For the chocolate cake, add the dry ingredients to the bowl of melted chocolate.

Add an egg to make it stiff and glossy.

Once you’ve done the same with the white chocolate, you should have two bowls like this.

Experimental case-filling. For some I’ve started filling with white choc, before topping up with dark. And vice versa.

To get the marbled effect, use a skewer (I used a chopstick) to drag the mixture around inside the case.

When I lived in China I used chopsticks every day for every meal – including the homesick tuna pasta I was able to cobble together in my apartment. Since I’ve been back in the UK, this is the only time I’ve had a use for them (well, one of them).

They remind me a little of these beauties:

Fresh from the oven, you can see some have worked better than others. The cakes on the left are caseless, and are probably the best. On the whole they all look pretty neat.

The white chocolate with the dark on top seems to have worked best – or at least resulted in the most impressive appearance.

This is one of the caseless cakes. Thanks to lashing of vegetable oil, it came out of the tin perfectly. Result!

The swirls on the top keep it looking interesting.

And it’s worked rather nicely inside too.

The cakes with no cases are slightly smaller than the rest. Perfect for snack time!

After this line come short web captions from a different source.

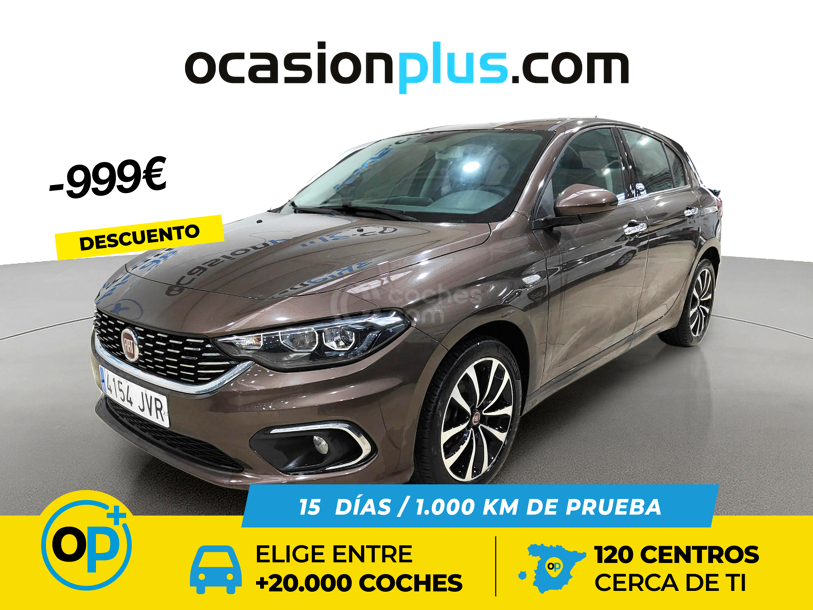 Foto del FIAT Tipo 1.3 Multijet II Lounge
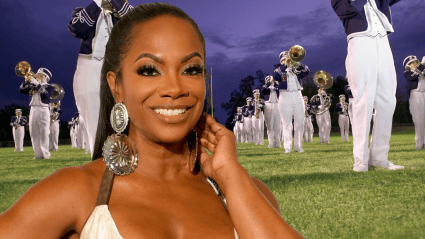 Kandi Burruss Steals the Show at Toya’s Birthday in Jaw-Dropping Costume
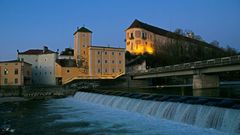 Mündung Steyr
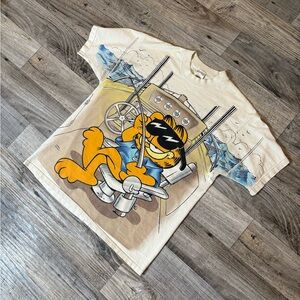 Garfield Tee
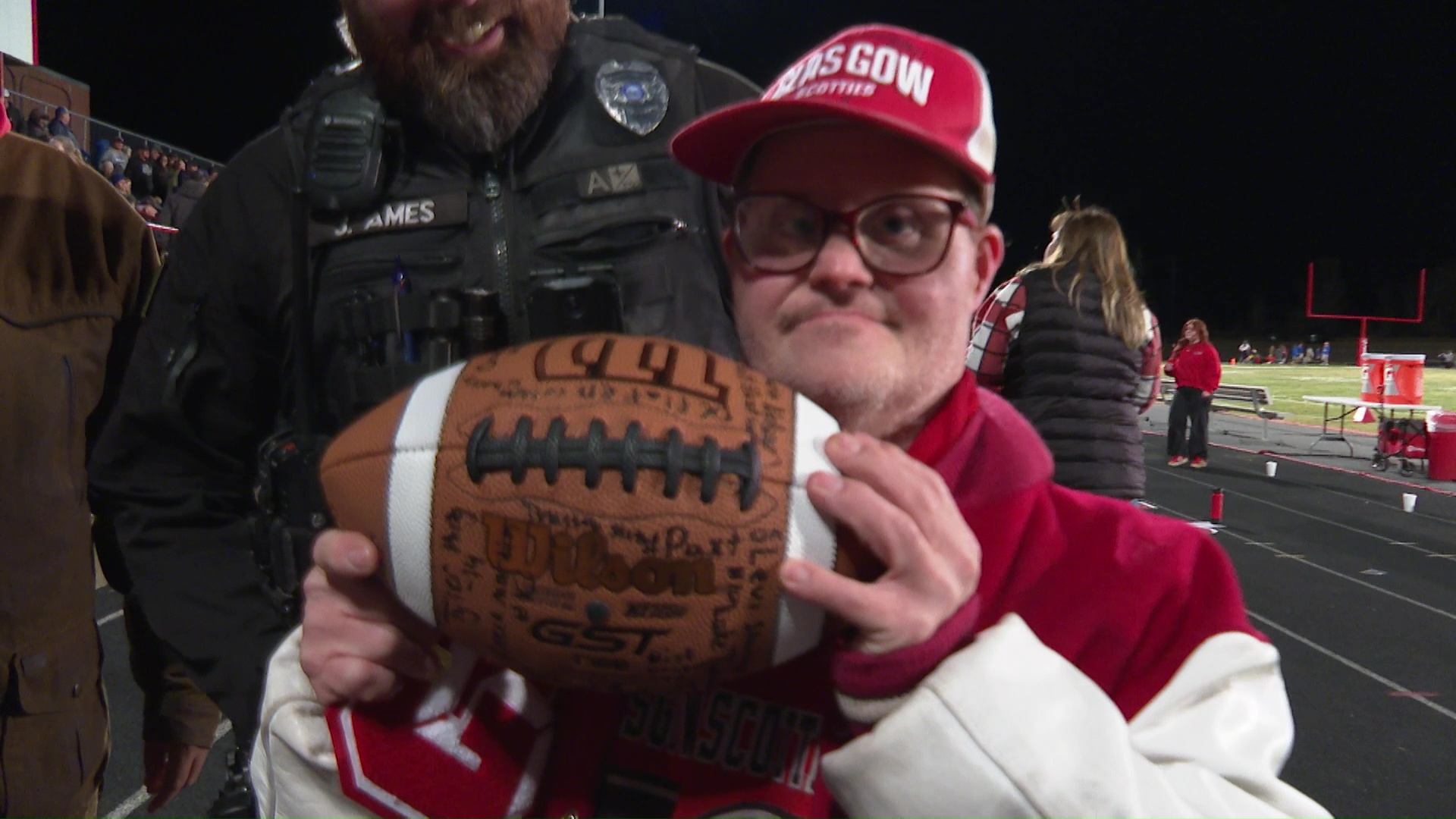 Shawn Garwood (MTN News photo)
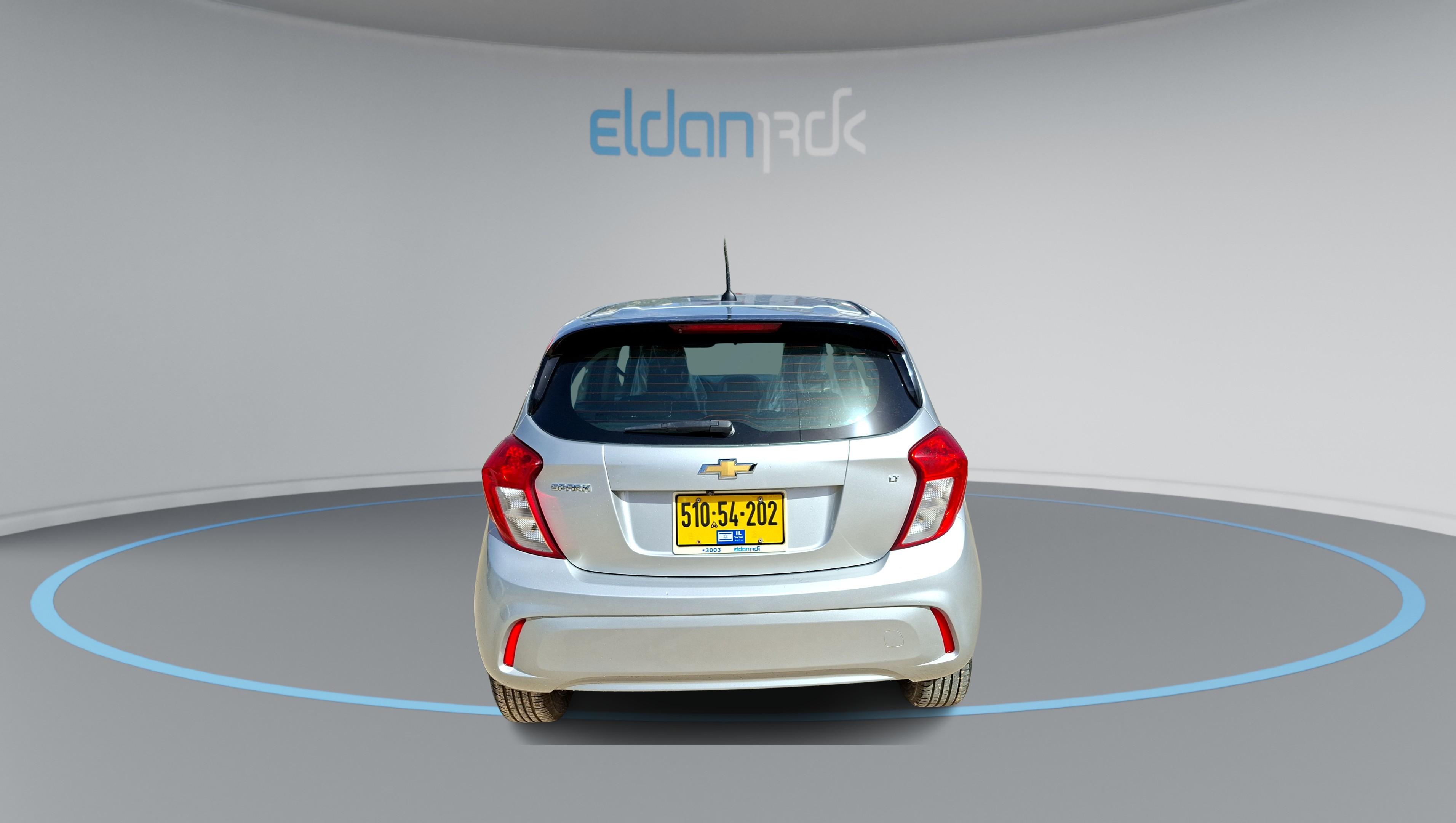 שברולט ספארק LT PLUS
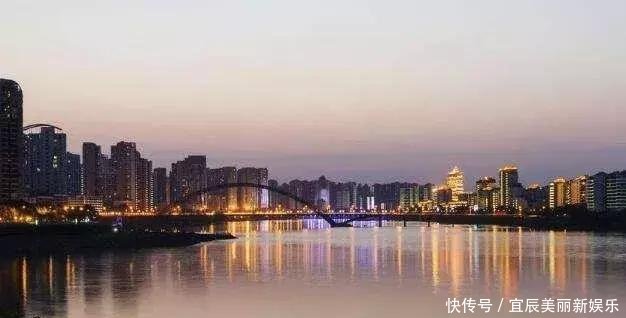 四川这个地市被国家选中，即将规划轻轨，经济将腾飞了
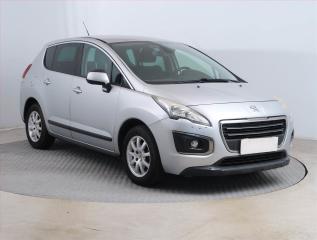 Peugeot 3008 1.6 HDi, Serv.kniha, Navi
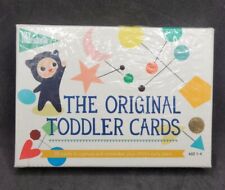Milestone Toddler Cards Post Pictures 30 Cards Ages 1 To 4 Years NIB 
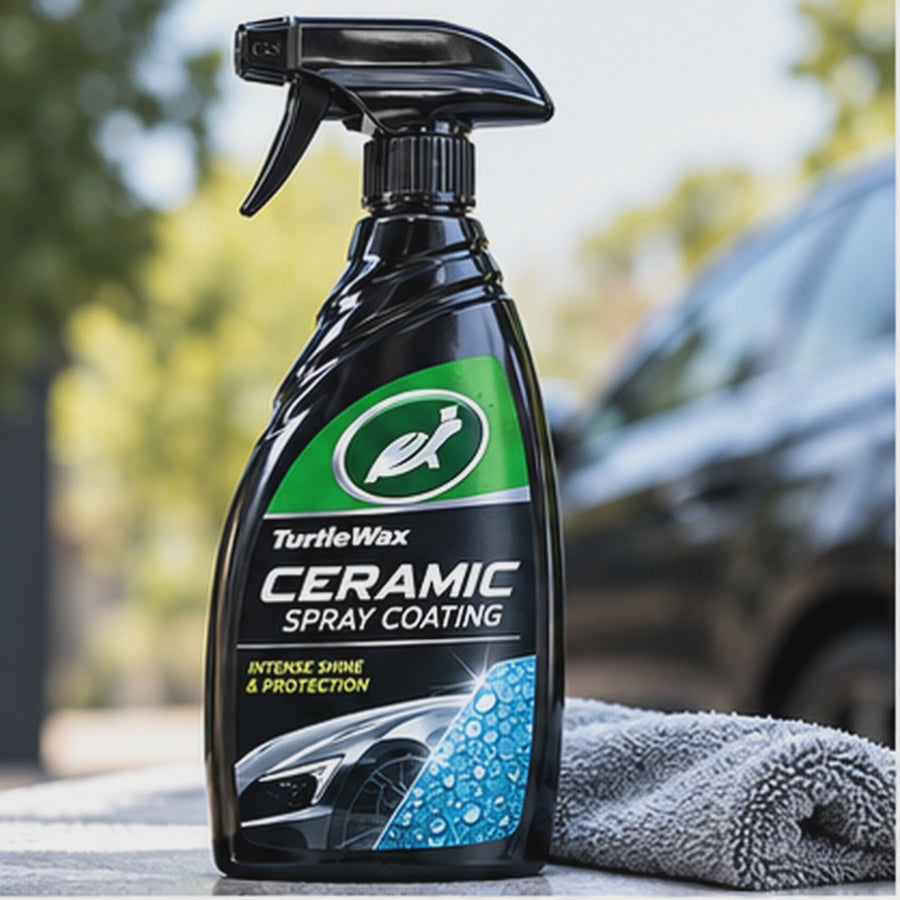 Purškiama danga Turtle Wax Ceramic Spray Coating, 0.5 l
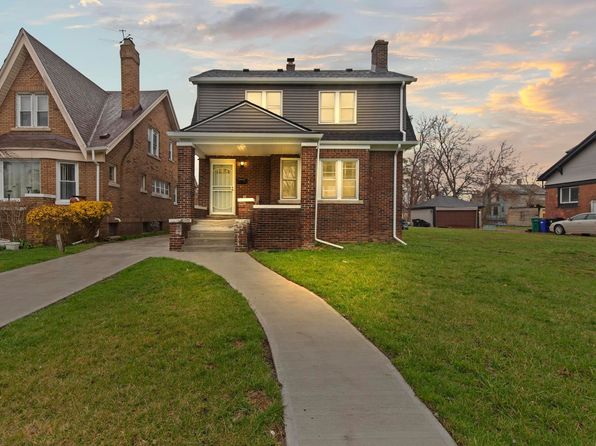 12027 Kilbourne Ave, Detroit, MI 48213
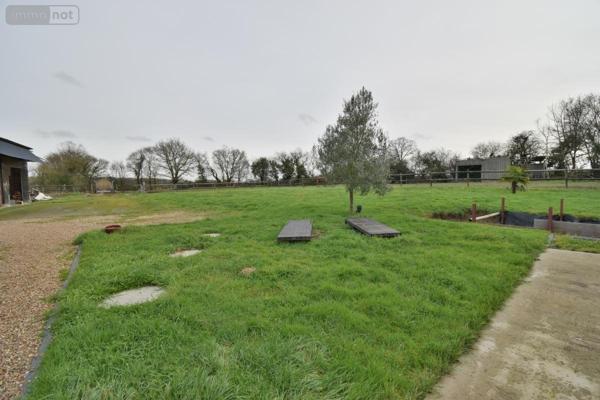 Maison à vendre à Saint-Martin-du-Fouilloux dans le Maine-et-Loire (49170), ref : 49019-3501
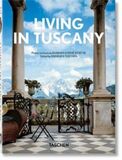 TASCHEN: Living in Tuscany (Книга)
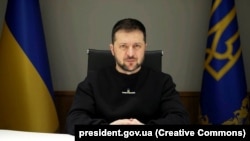 Президент України Володимир Зеленський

It’s almost a shame to hide the marbled effect under some frosting. But not enough of a shame to stop me doing it.

Besides, if the top is frosted, you can surprise people when they bite into it. Like the 21st century equivalent of hiding a sixpence in a plum pudding – but without the fear of your guest breaking a tooth – followed by some no-win-no-fee litigation.

I used a simple chocolate buttercream frosting recipe and applied it with a palette knife. I was given this palette knife as part of a job-lot from my lovely mum when I went to university. Now I’ve finally found a use for it!

A generous donation

VERDICT

Taste:

Scrumptious. It’s basically the sanctioned eating-of-two-cakes-at-once. Winning!

Recipe pros:

Because of the two colours, it produces a more interesting cake than usual. The flavour is quite rich and sweet – and doesn’t use too much flour.

Recipe cons:

Reading through the recipe beforehand, there seemed to be a lot of stages. However, once I got started, it was all very simple. You’ll need two clean saucepans and two clean (big-ish) bowls – so there’s more washing-up than usual.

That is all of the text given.